Confrontée à de lourdes difficultés (pertes de marché, impayés, pertes d'exploitation...), la trésorerie disponible de votre association ou de votre entreprise n'autorise plus d'autres issues que la cessation des paiements. Le rétablissement de la situation apparaissant néanmoins possible, une procédure de redressement judiciaire est ouverte.
Destinée à l'apurement du passif, elle donne lieu à une période d'observation qui se clôt par la conclusion d'un plan de redressement ou d'un plan de cession.



Les nullités de la période suspecte de la procédure de redressement judiciaire

La période entre la date de cessation des paiements et la date du jugement d'ouverture s'appelle la période suspecte. Durant cette période, l'entreprise peut, pour diverses raisons, conclure des actes anormaux ou de nature à remettre en cause l'égalité entre les différents créanciers.

Ces diverses raisons ont donc conduit la loi à permettre d'agir en nullité contre certains actes ou paiements effectués au cours de la période suspecte.


Le déroulement de la période d'observation de la procédure de redressement judiciaire

Durant la période d'observation, il est important d'éviter que la situation financière du débiteur ne s'aggrave. C'est pourquoi les droits des créanciers sont "gelés" et leur reconnaissance strictement encadrée.

Parallèlement, l'ouverture d'une procédure de redressement a pour effet de suspendre et d'interdire les actions en paiement ou en exécution forcée engagées par un créancier de la société contre les cautions et garants personnes physiques (souvent les dirigeants). Toutes ces actions sont suspendues jusqu'au jugement qui arrêtera le plan de cession ou le plan de redressement. Mais si des actions sont engagées contre eux, ils pourront toujours demander un délai de paiement supplémentaire au juge.

L'ouverture de la procédure collective n'a pas pour effet de mettre fin aux contrats de travail des salariés. Mais des licenciements économiques pourront intervenir durant la période d'observation.

Durant la période d'observation, les dirigeants sociaux restent en fonction, sauf s'ils sont frappés d'une interdiction de gérer ou d'administrer. En outre, le juge-commissaire peut aussi charger l'administrateur judiciaire soit d'assister l'entreprise pour tous les actes concernant la gestion ou pour certains d'entre eux, soit d'assurer seul, entièrement ou en partie, l'administration de l'entreprise.



A la fin de la période d'observation de la procédure de redressement judiciaire

La période d'observation se clôt par l'adoption d'un plan de redressement ou par la conversion de la procédure de redressement en procédure de liquidation judiciaire.
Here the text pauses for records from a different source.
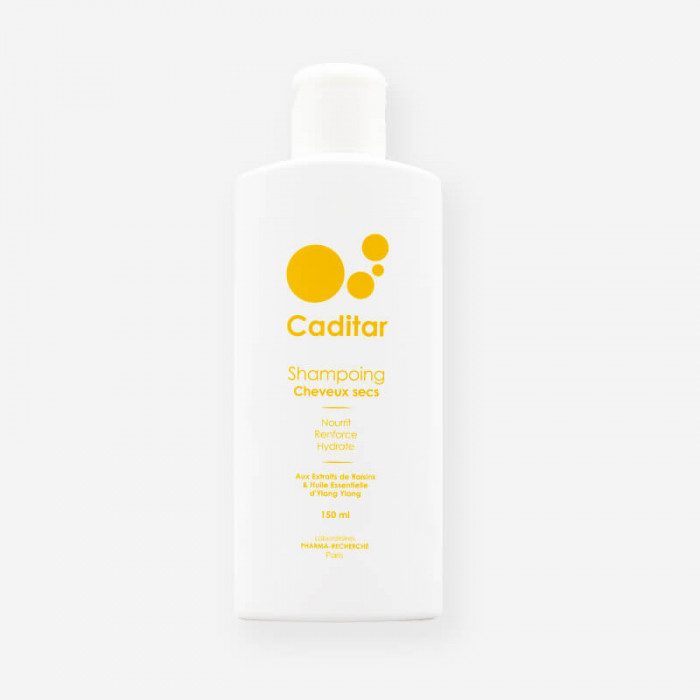 Caditar Shampooing Cheveux Secs 150ml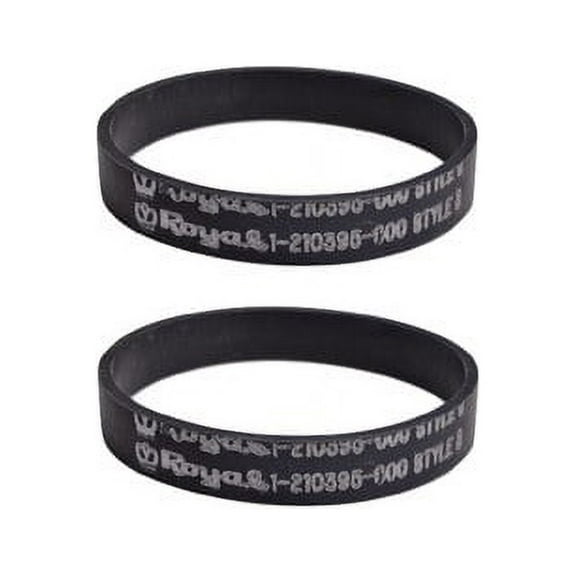 Dirt Devil Style 3 Belts 2 Pk - 3210395001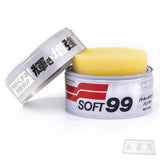 SOFT99 Superior Quality' Liquid Repellent Pearl & Metallic Color Car Wax 300gNet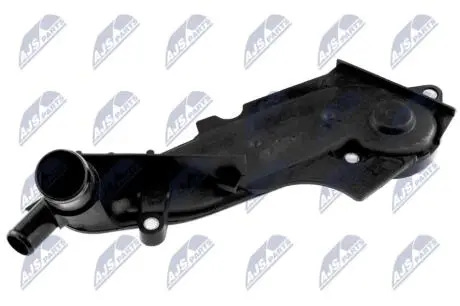 КОРПУС ТЕРМОСТАТУ | AUDI A4 2.4, RS4 QUATTRO 01-04, A6 2.4, 2.7T, 2.8 QUATTRO 97-05, A8 2.8 QUATTRO 96-02, SKODA SUPERB I 2.8 V6 01-08, VW PASSAT 2.8 4MOTION 00-05 NTY CTMAU010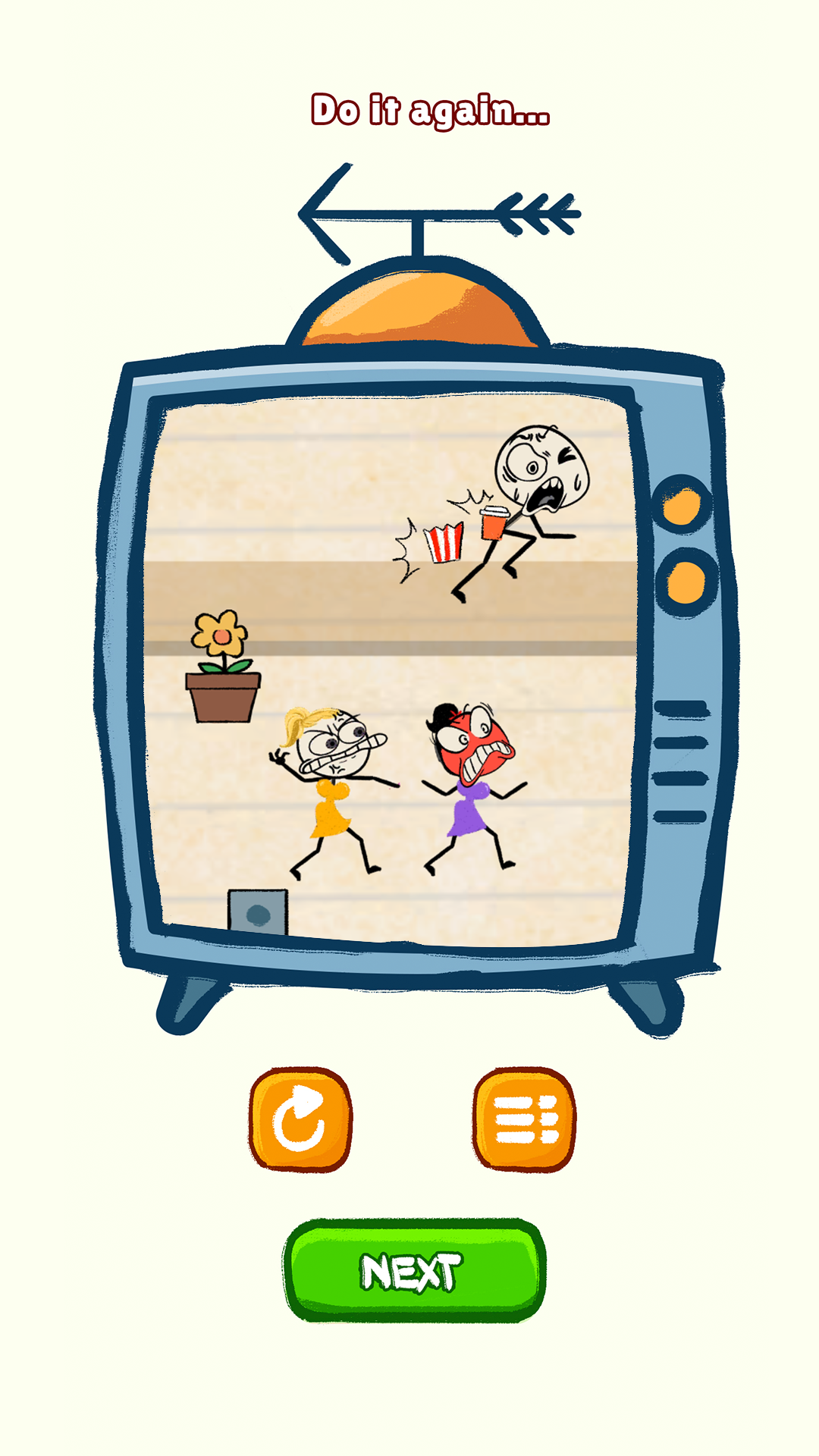 Thief Puzzle: Escape Games Game Screenshot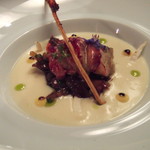 Restaurant Régis & Jacques Marcon - オマール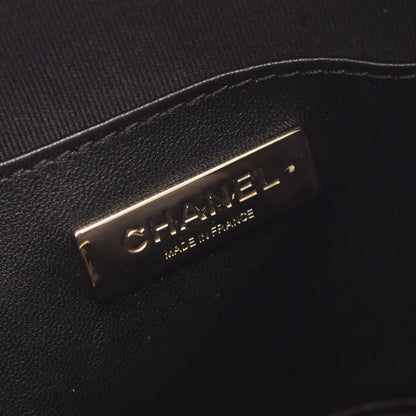 Chanel Shoulder Bag Quilted — view 4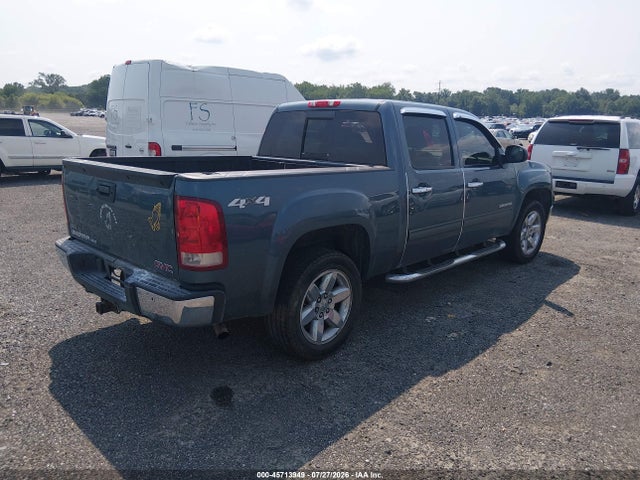 Aukcja sprzedaży 2012 Gmc Sierra 1500 Slt, vin: 3GTP2WE74CG118344, numer aukcji: 45713949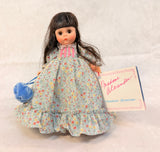 Madame Alexander Lucy Locket Miniature Showcase 7.5 in Doll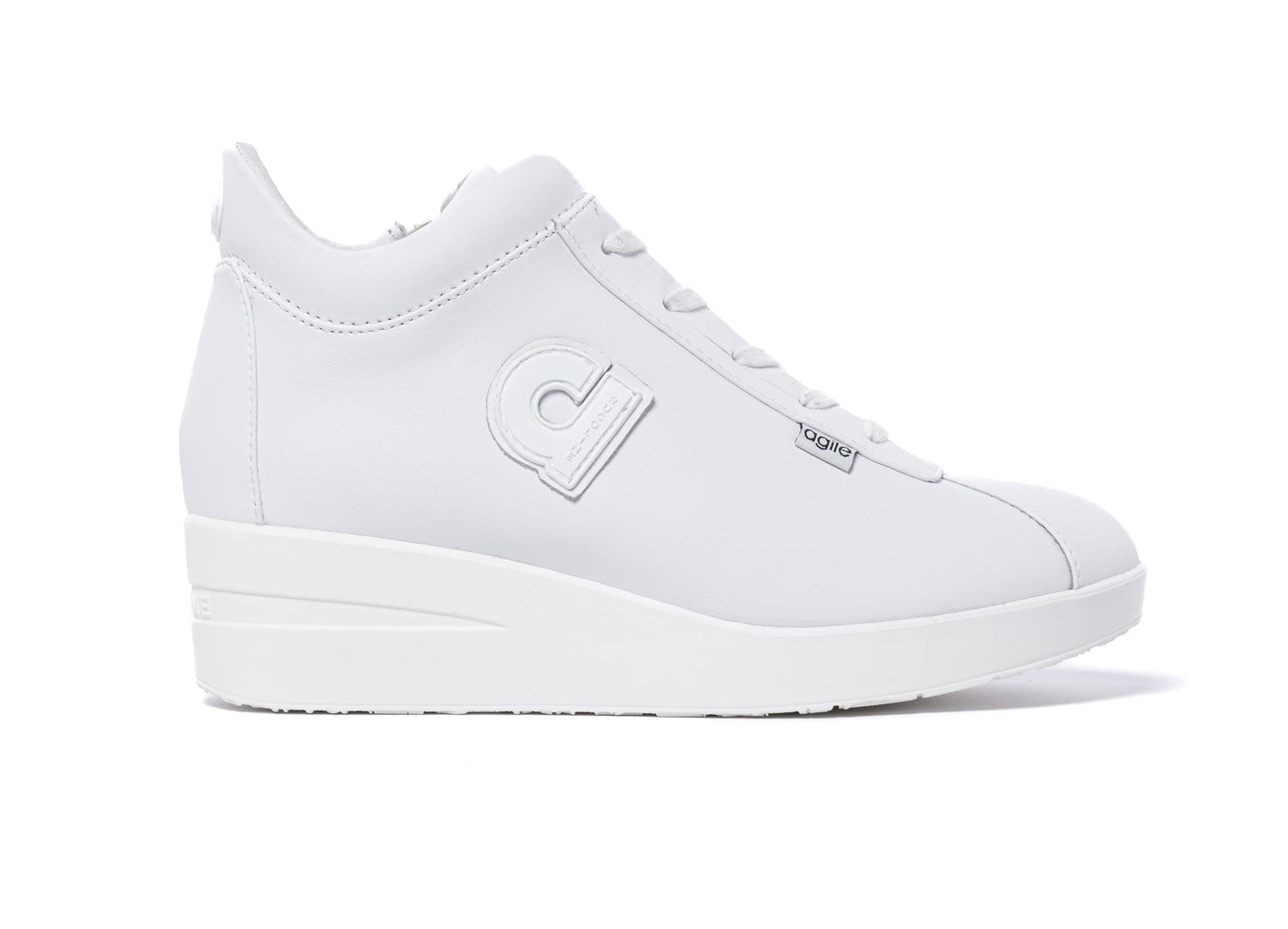 Sneakers Bianco - Agile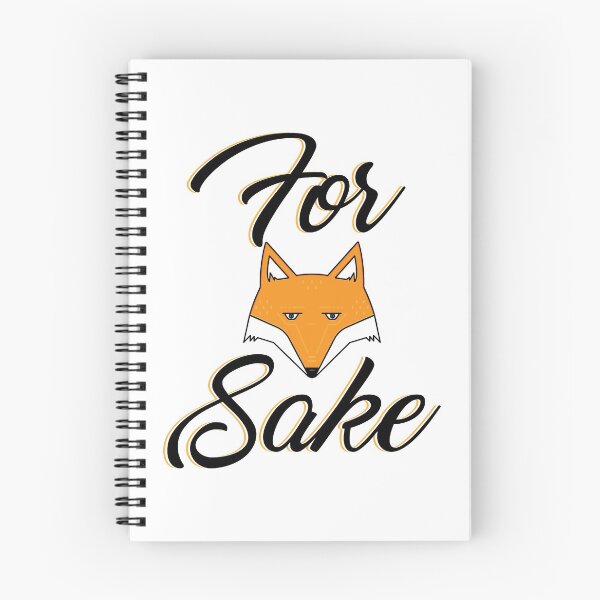 Item preview, For Fox Sake designed and sold by joywoods.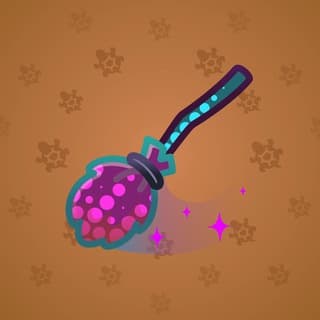 Bubble Broom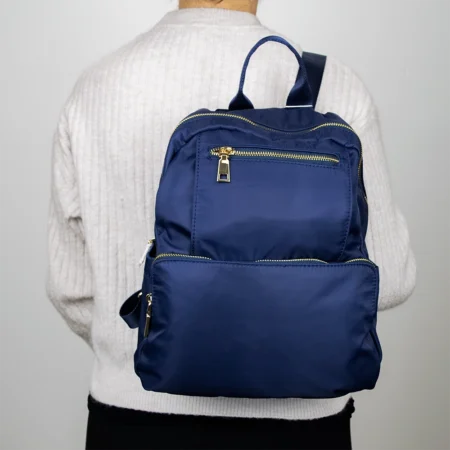 3 Zip Backpack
L'adoption d'un plan de redressement

Durant la période d'observation, le dirigeant, et l'administrateur judiciaire, s'il en existe un, établit un projet de plan de redressement

Dès lors que sont démontrées des possibilités sérieuses de redressement, le Tribunal arrête un plan, lequel met fin à la période d'observation. Ce plan peut avoir comme conséquence soit la cessation, soit l'adjonction, soit encore la cession d'une ou plusieurs activités de l'entreprise.

Le plan permettra à l'entreprise de poursuivre le développement de son activité et de rembourser son passif sur une durée maximale de 10 ans (15 ans en matière agricole).


La conversion de la procédure de redressement en procédure de liquidation judiciaire

Lorsque les conditions économiques et financières ne permettent pas d'envisager un plan de redressement, le Tribunal prononce la liquidation judiciaire.